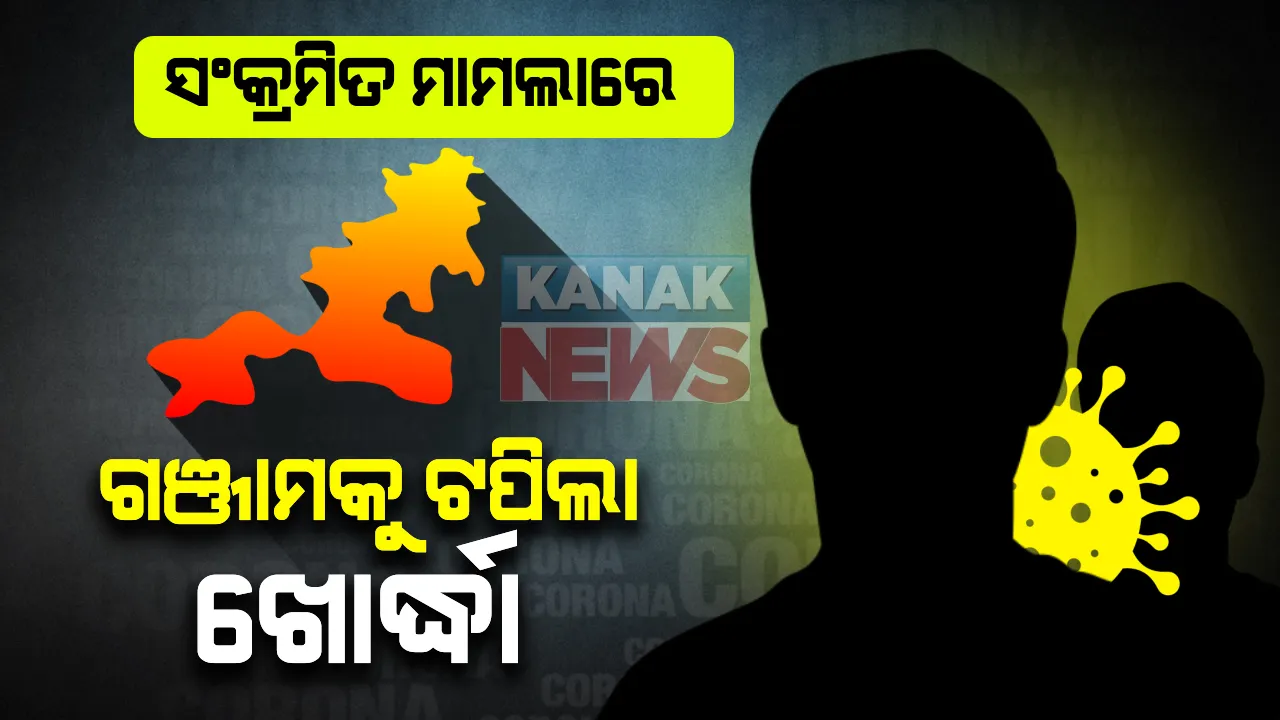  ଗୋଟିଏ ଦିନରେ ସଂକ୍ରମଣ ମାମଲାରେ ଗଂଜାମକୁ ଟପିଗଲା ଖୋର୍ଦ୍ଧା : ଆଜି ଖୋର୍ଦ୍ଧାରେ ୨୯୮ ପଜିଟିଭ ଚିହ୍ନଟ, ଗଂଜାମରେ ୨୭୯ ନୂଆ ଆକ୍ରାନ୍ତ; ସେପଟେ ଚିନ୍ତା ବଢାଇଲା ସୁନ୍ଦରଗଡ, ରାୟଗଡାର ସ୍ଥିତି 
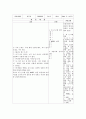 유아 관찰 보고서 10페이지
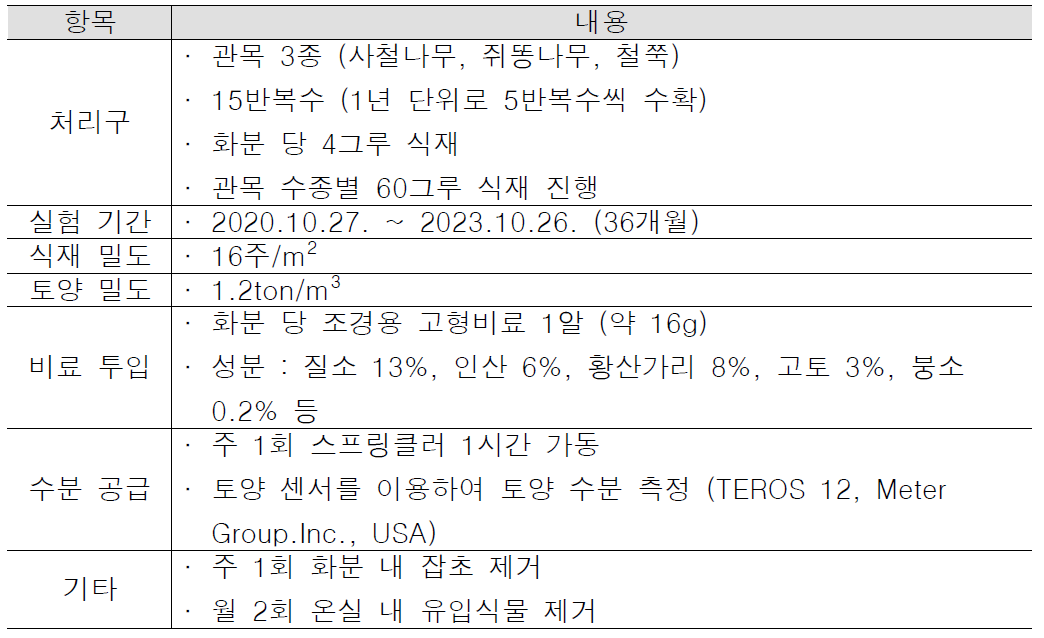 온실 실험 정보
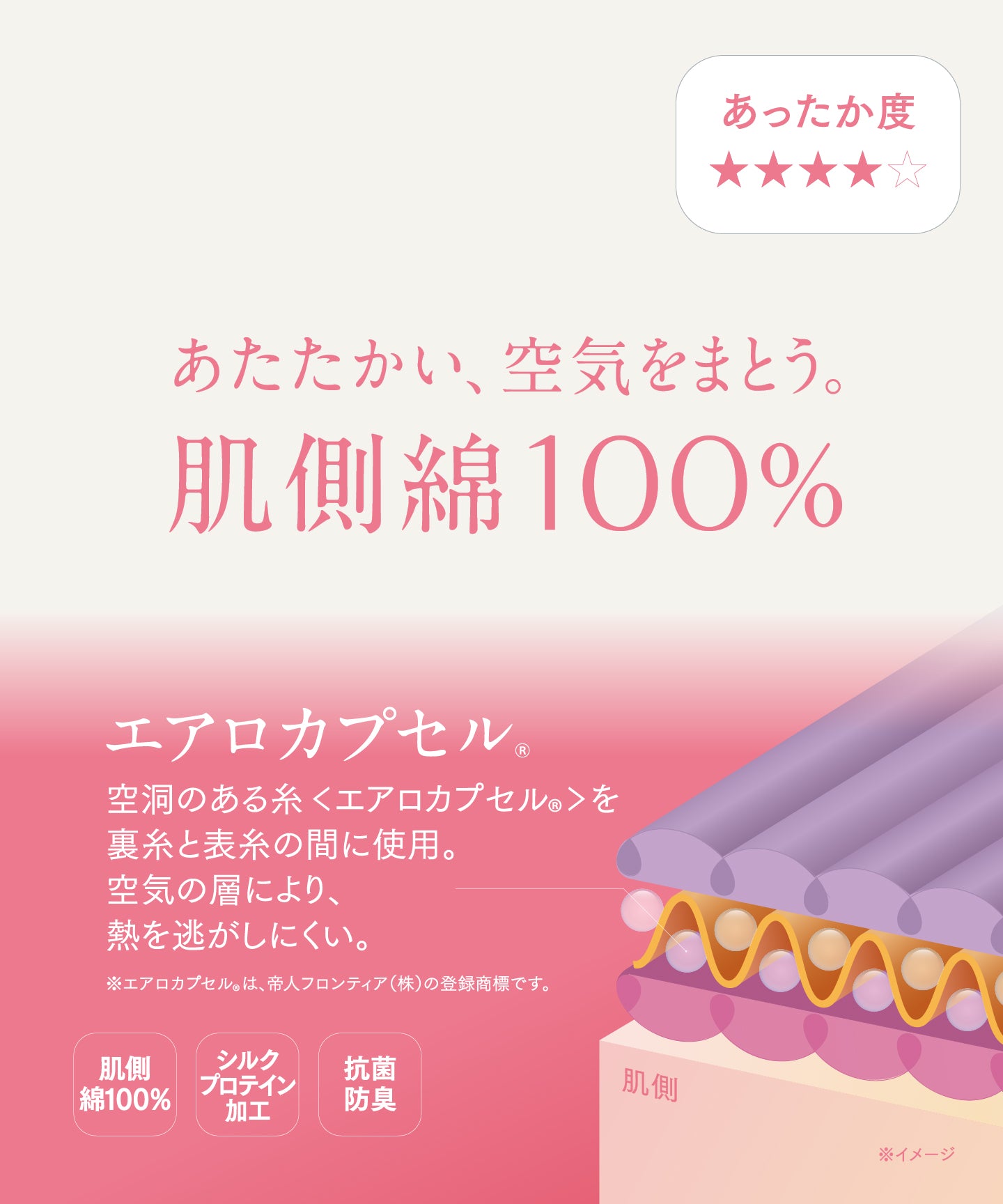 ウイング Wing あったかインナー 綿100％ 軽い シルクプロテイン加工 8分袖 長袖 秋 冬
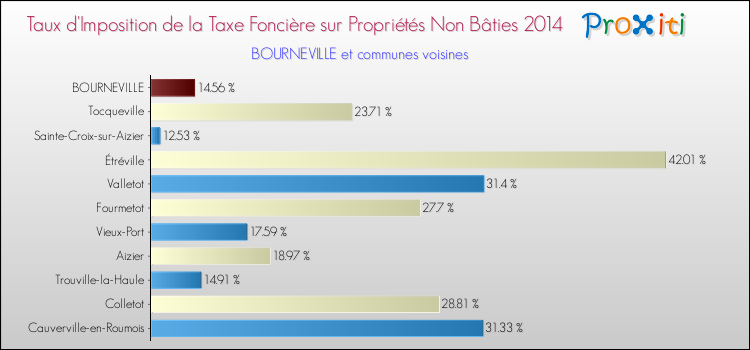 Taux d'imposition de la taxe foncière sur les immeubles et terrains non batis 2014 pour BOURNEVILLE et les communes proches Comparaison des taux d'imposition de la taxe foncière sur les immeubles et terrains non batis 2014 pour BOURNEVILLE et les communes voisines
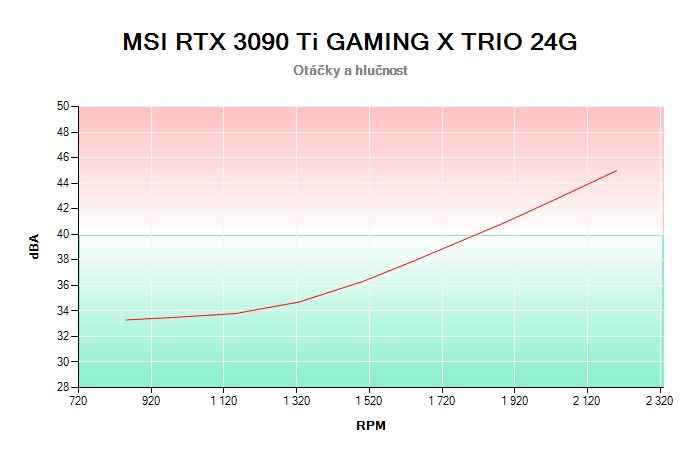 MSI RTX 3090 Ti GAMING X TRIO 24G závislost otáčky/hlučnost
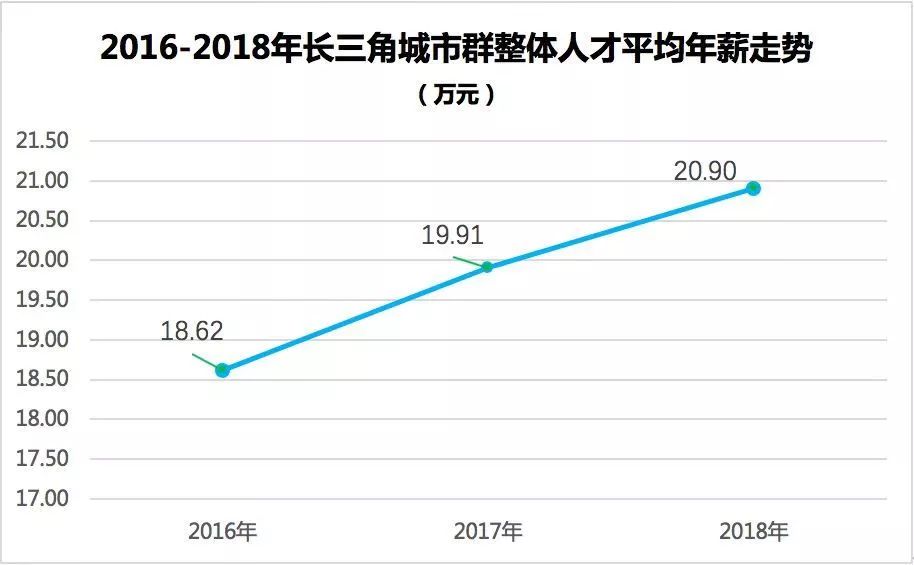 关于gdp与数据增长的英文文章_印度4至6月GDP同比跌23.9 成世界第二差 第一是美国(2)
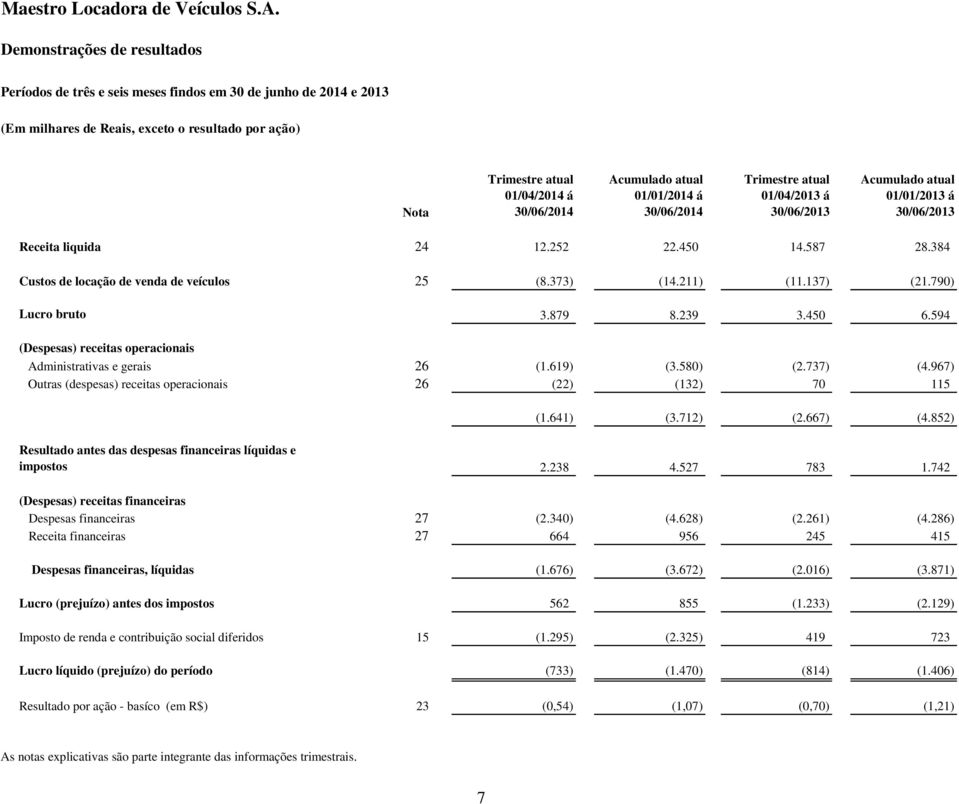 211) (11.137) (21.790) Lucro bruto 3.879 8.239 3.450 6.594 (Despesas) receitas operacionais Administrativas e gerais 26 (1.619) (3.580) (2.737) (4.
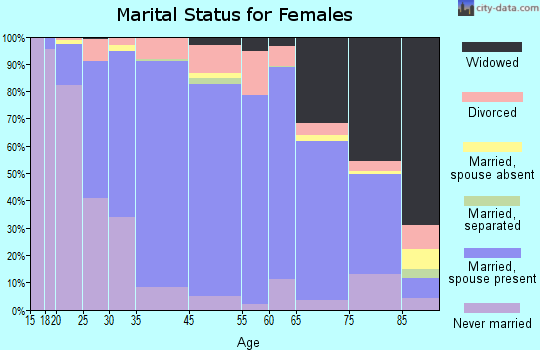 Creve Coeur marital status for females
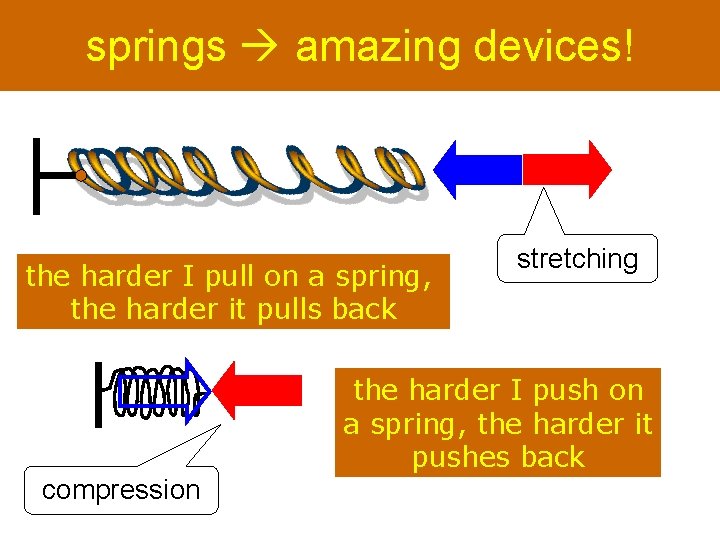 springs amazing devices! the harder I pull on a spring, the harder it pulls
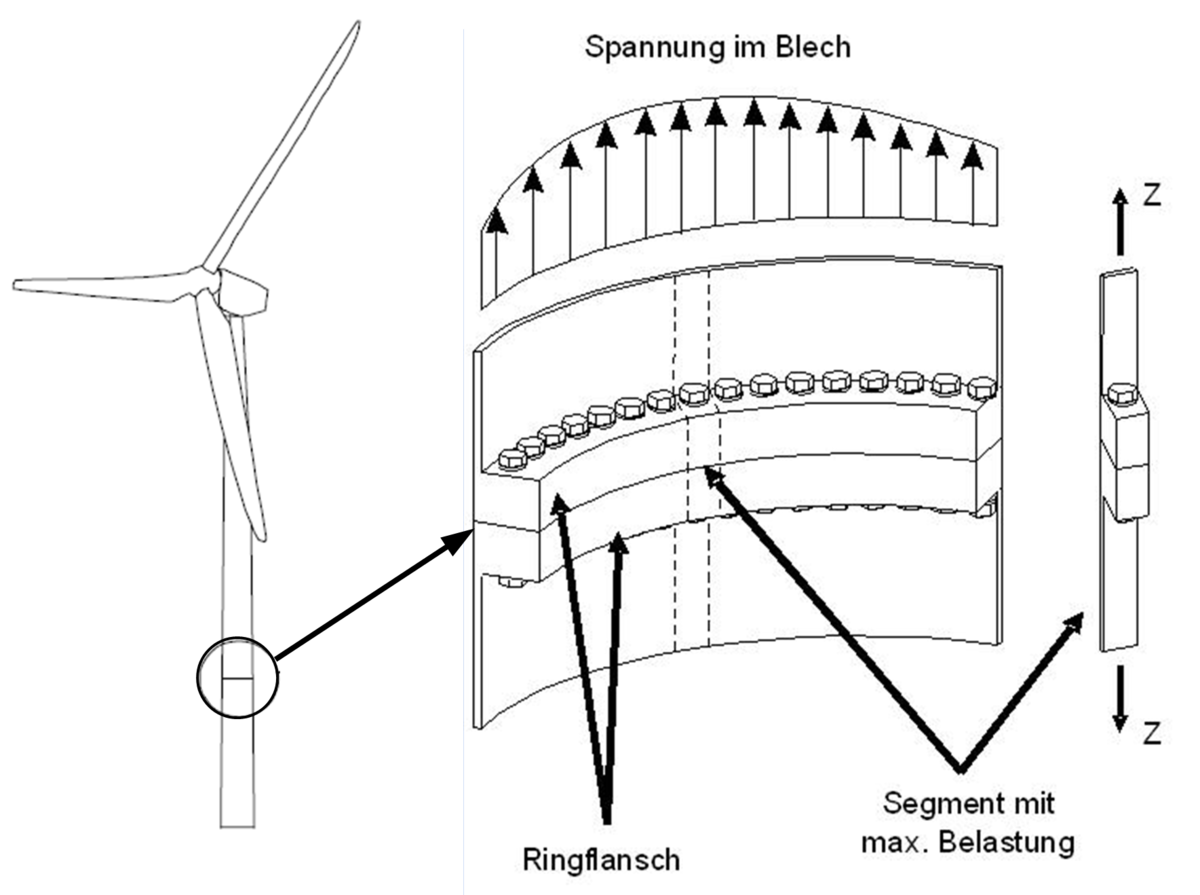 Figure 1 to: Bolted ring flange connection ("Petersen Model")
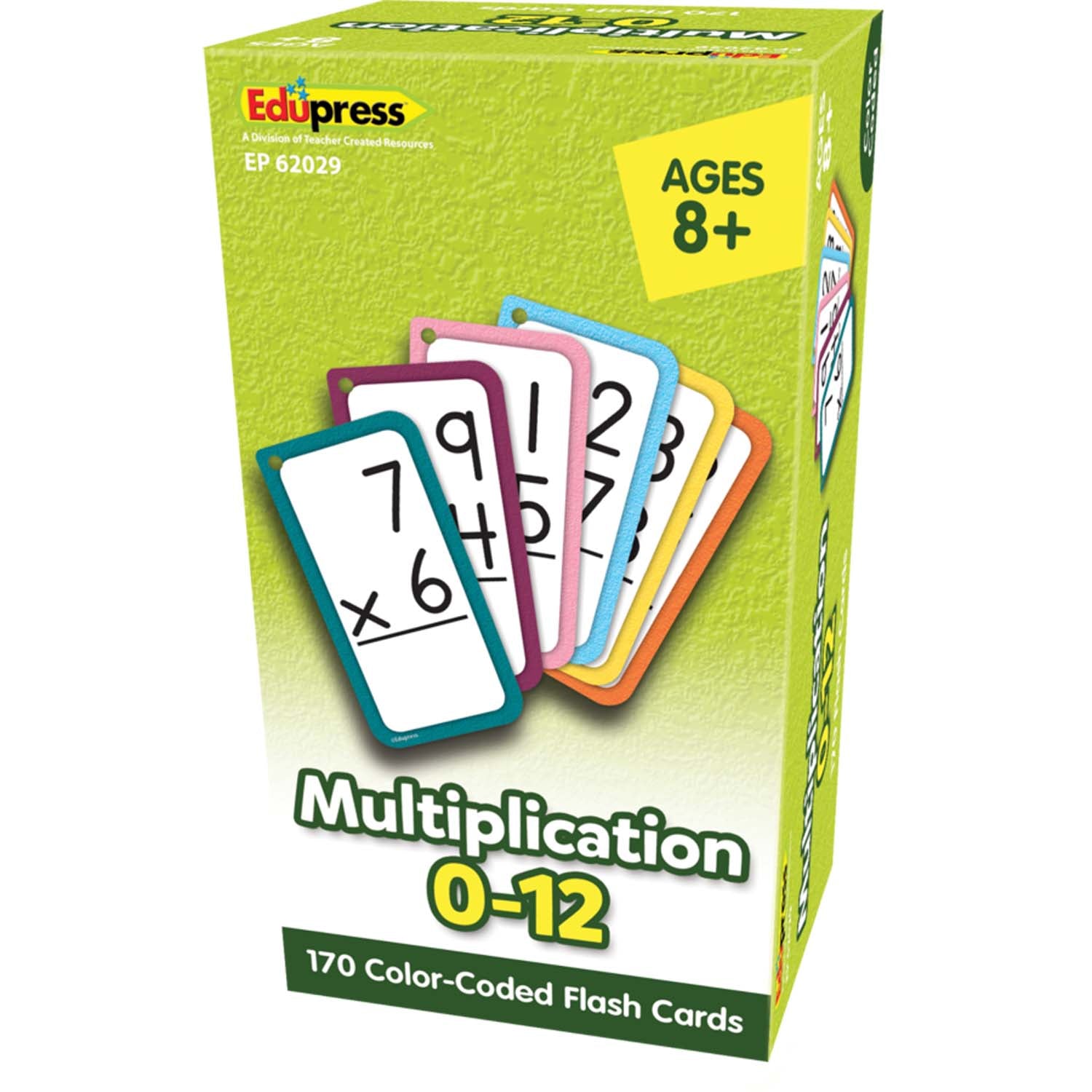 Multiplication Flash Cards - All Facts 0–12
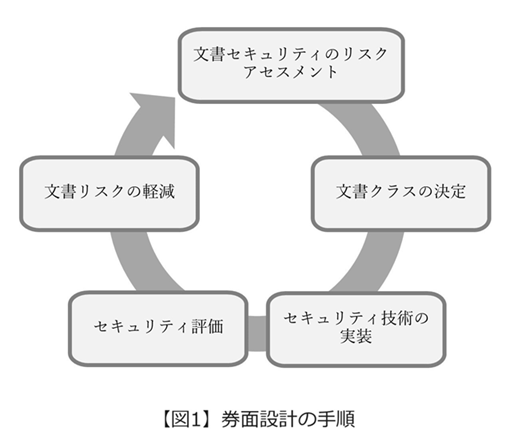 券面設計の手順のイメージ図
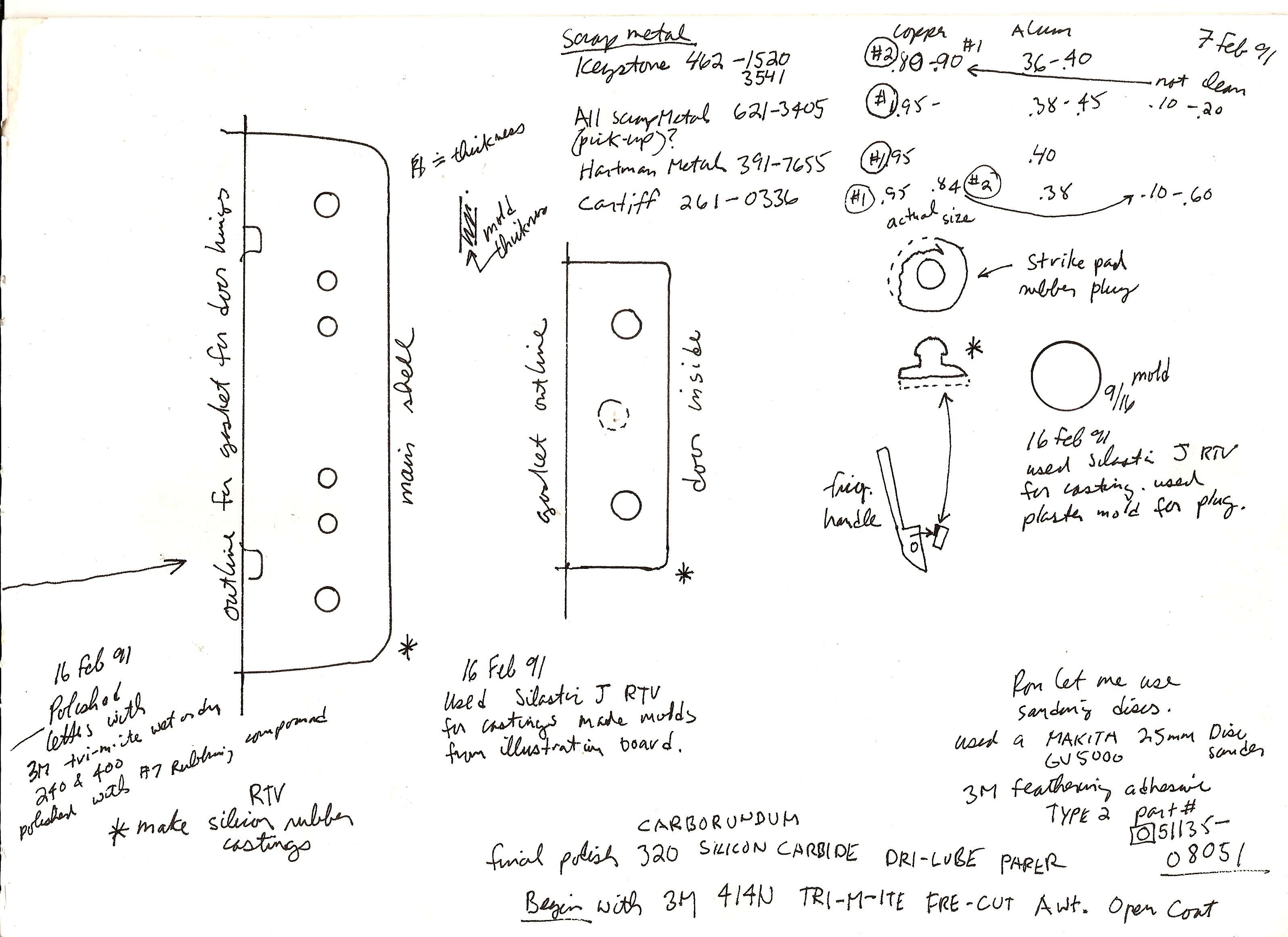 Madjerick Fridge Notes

········

» ABOUT THIS EXERCISE: What are the lines from the one containing "MSI RTX 3090" through the end of the records? Write them out exactly, leaving out the pictures.

» RESULT OF THIS TASK:
 MSI RTX 3090 Ti GAMING X TRIO 24G závislost otáčky/hlučnost
 关于gdp与数据增长的英文文章_印度4至6月GDP同比跌23.9 成世界第二差 第一是美国(2)
 211) (11.137) (21.790) Lucro bruto 3.879 8.239 3.450 6.594 (Despesas) receitas operacionais Administrativas e gerais 26 (1.619) (3.580) (2.737) (4.
 Creve Coeur marital status for females
 springs amazing devices! the harder I pull on a spring, the harder it pulls
 Figure 1 to: Bolted ring flange connection ("Petersen Model")
 Multiplication Flash Cards - All Facts 0–12
 券面設計の手順のイメージ図
 Madjerick Fridge Notes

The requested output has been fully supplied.